### Aim of the exercise
In the listing below, find the line containing "Costa Oeste —" and the line containing "Rudraksh Mala Chain For Men-Viraasi", then copy exactly everything from the first through the second, except the pictures.

### Available data
_ _ _ _ _ _ _

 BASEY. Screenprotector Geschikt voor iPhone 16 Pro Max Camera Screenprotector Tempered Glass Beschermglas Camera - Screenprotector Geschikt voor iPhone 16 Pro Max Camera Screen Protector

_ _ _ _ _ _ _

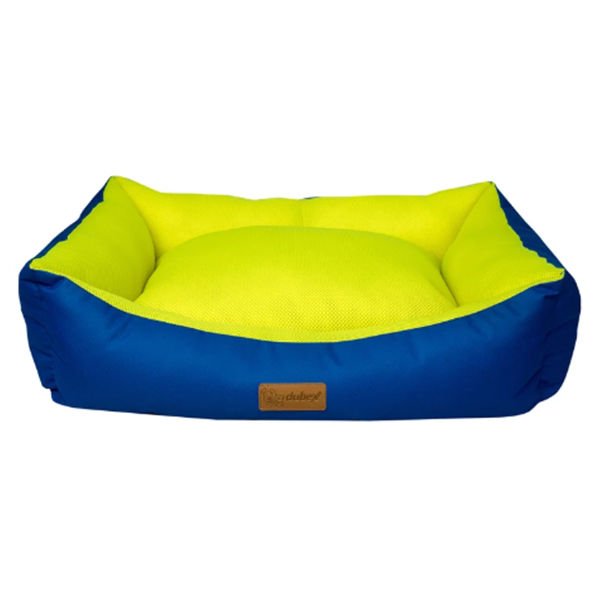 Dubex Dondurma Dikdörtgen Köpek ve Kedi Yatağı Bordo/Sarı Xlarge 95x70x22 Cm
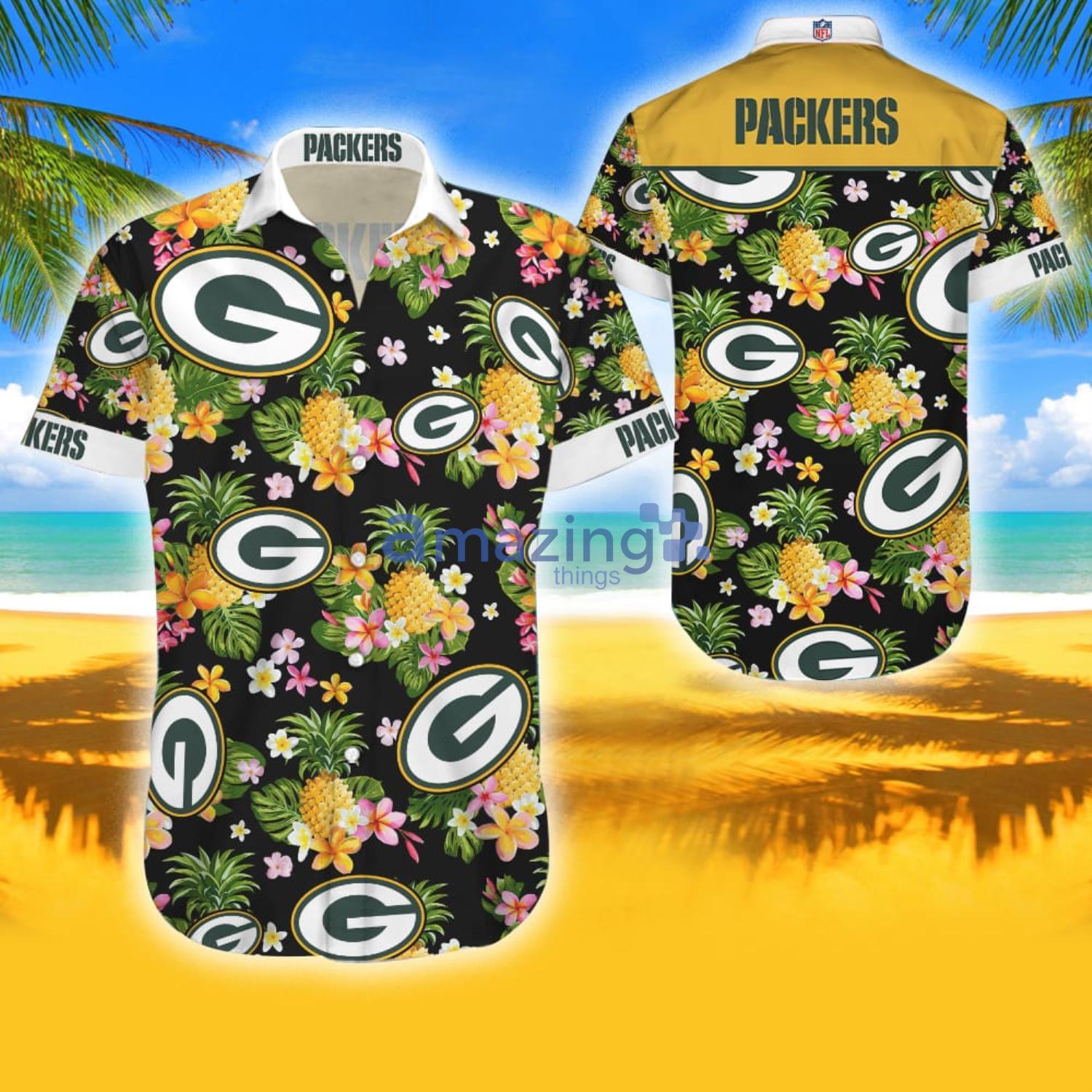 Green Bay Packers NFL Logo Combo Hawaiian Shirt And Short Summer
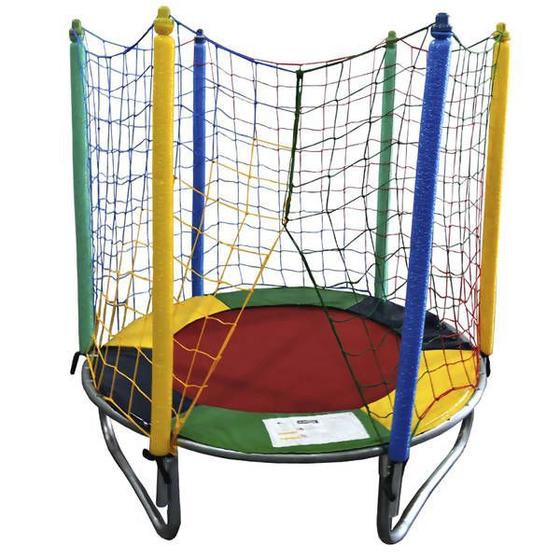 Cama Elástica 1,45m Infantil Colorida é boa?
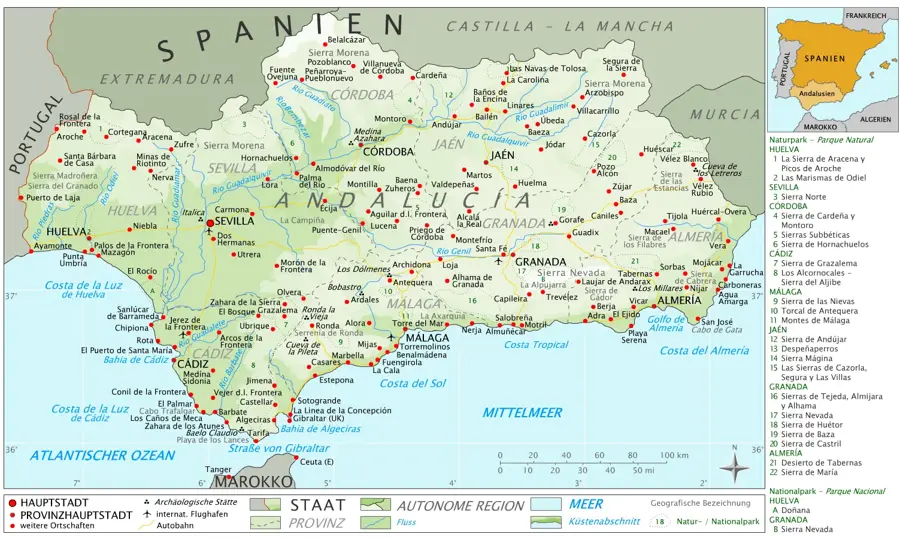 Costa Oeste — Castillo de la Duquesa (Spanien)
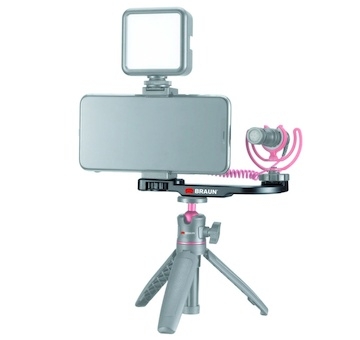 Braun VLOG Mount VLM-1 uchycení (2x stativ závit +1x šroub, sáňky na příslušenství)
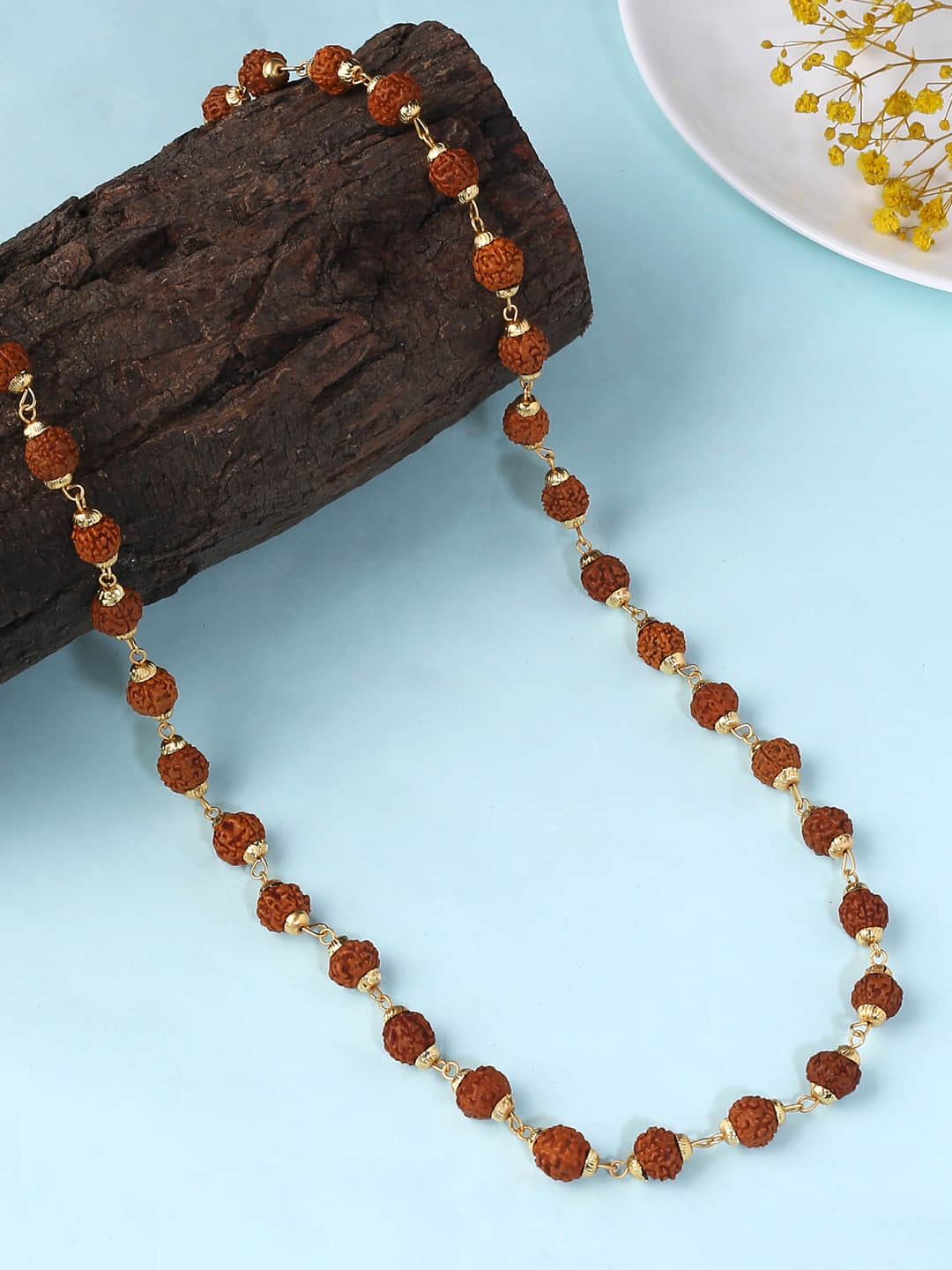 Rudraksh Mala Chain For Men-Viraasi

_ _ _ _ _ _ _

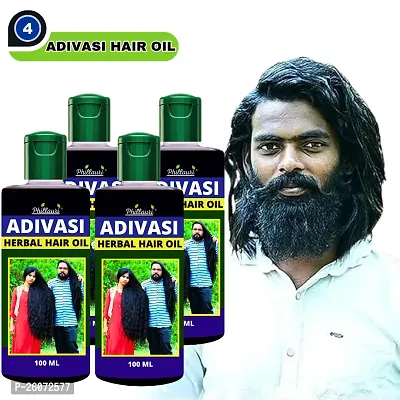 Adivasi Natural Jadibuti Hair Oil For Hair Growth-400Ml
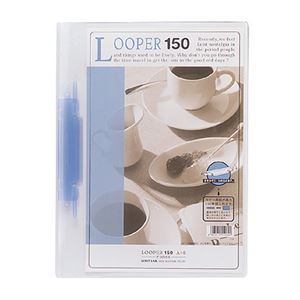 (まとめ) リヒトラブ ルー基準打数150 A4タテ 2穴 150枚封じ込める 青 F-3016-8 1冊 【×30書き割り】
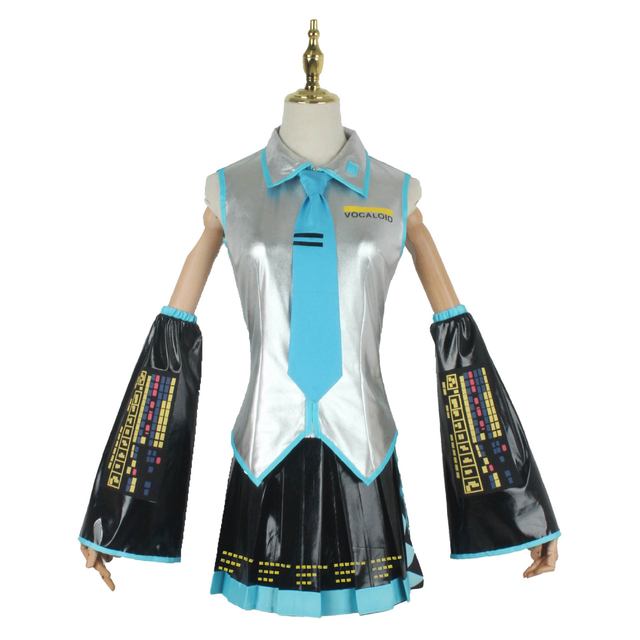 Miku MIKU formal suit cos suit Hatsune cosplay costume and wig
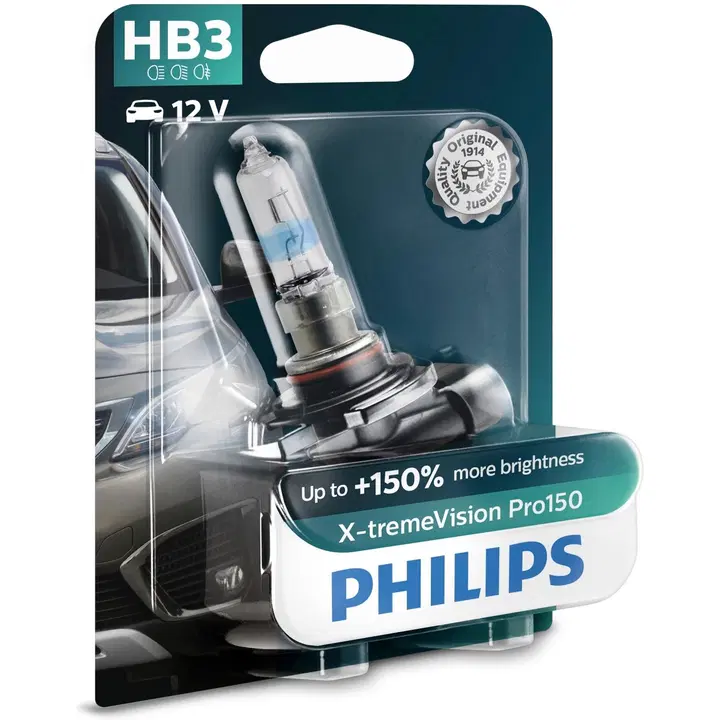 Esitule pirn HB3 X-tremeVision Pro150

_ _ _ _ _ _ _

### Completed task
 Costa Oeste — Castillo de la Duquesa (Spanien)
 Braun VLOG Mount VLM-1 uchycení (2x stativ závit +1x šroub, sáňky na příslušenství)
 Rudraksh Mala Chain For Men-Viraasi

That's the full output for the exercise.